Впрочем, самым главным предметом рассмотрения является все же центральный герой, которого можно счесть
русским человеком на rendez-vous с Европой. Кто он такой, россиянин, четырнадцать лет проживший в Дании и разговаривающий на датском — с немецким акцентом? Он познал и исторические, и лингвистические, и бытовые стороны старушки-Европы, но, похоже, так и не определился с выбором, не обрел четкой идентичности. “Он всегда вставал на защиту Дании, когда о Дании начинали говорить плохо, и на защиту России — когда о России”. Сознание такого человека двойственно, как двойственен translit — запись не латинского шрифта латиницей (герой, что характерно, вынужден постоянно набирать русские слова на “нерусском” мобильном телефоне, тем самым являясь своего рода пленником translitа). Хотя, как выясняется по ходу текста, драматизм кроется глубже, и автор для выражения сей драмы прибегает к гротеску и абсурду.
До определенного момента роман Translit воспринимается некой мозаикой из рассказов об отдельных людях, воспоминаний, размышлений и т.п. Однако этим авторский замысел не исчерпывается. Во второй половине повествования та реальность, к которой уже привык читатель, начинает мерцать, двоиться или поворачиваться совершенно неожиданными сторонами. И герой начинает мерцать и двоиться, так что уже не понимаешь: кто он такой? Где находится? С кем разговаривает? На самом деле происходят его бесконечные телефонные разговоры со всем и вся, или они — лишь плод воображения?

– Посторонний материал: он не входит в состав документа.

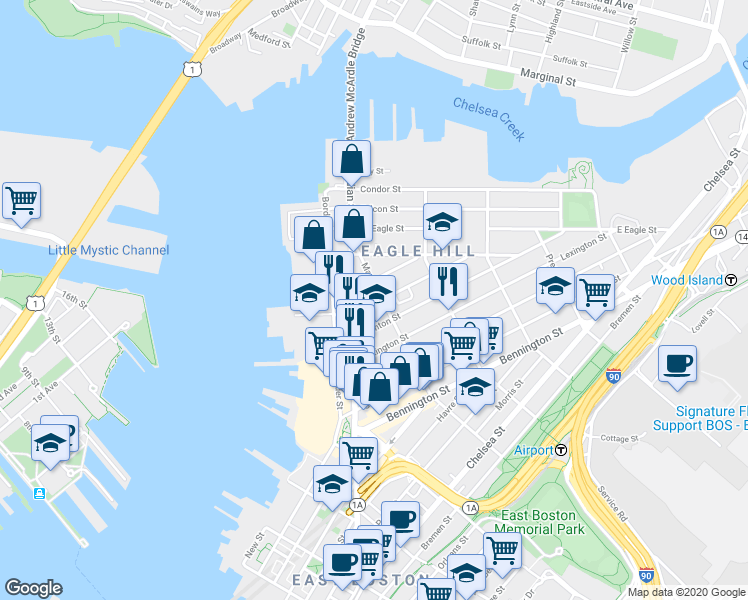 map of restaurants, bars, coffee shops, grocery stores, and more near 13 Monmouth Street in Boston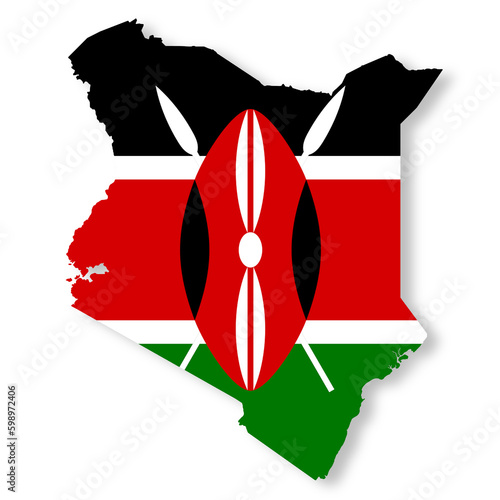 Kenya flag map with clipping path to remove shadow 3d illustration photo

Такой прием можно счесть удачей автора, поскольку в противном случае роман был бы всего лишь добротным коллажем из любопытных историй и неглупых мыслей. Здесь же удалось показать зыбкость нынешней реальности, утрату идентичности современным человеком, тот ментальный и языковой хаос, что царит в душах людей эпохи глобализации. Как мы узнаем в конце, роман вообще вроде как разыгран в воображении, внутри сознания героя. Похоже, он никуда не уезжал из Твери, где сделал остановку его поезд, и где сам герой тоже сделал остановку — навсегда.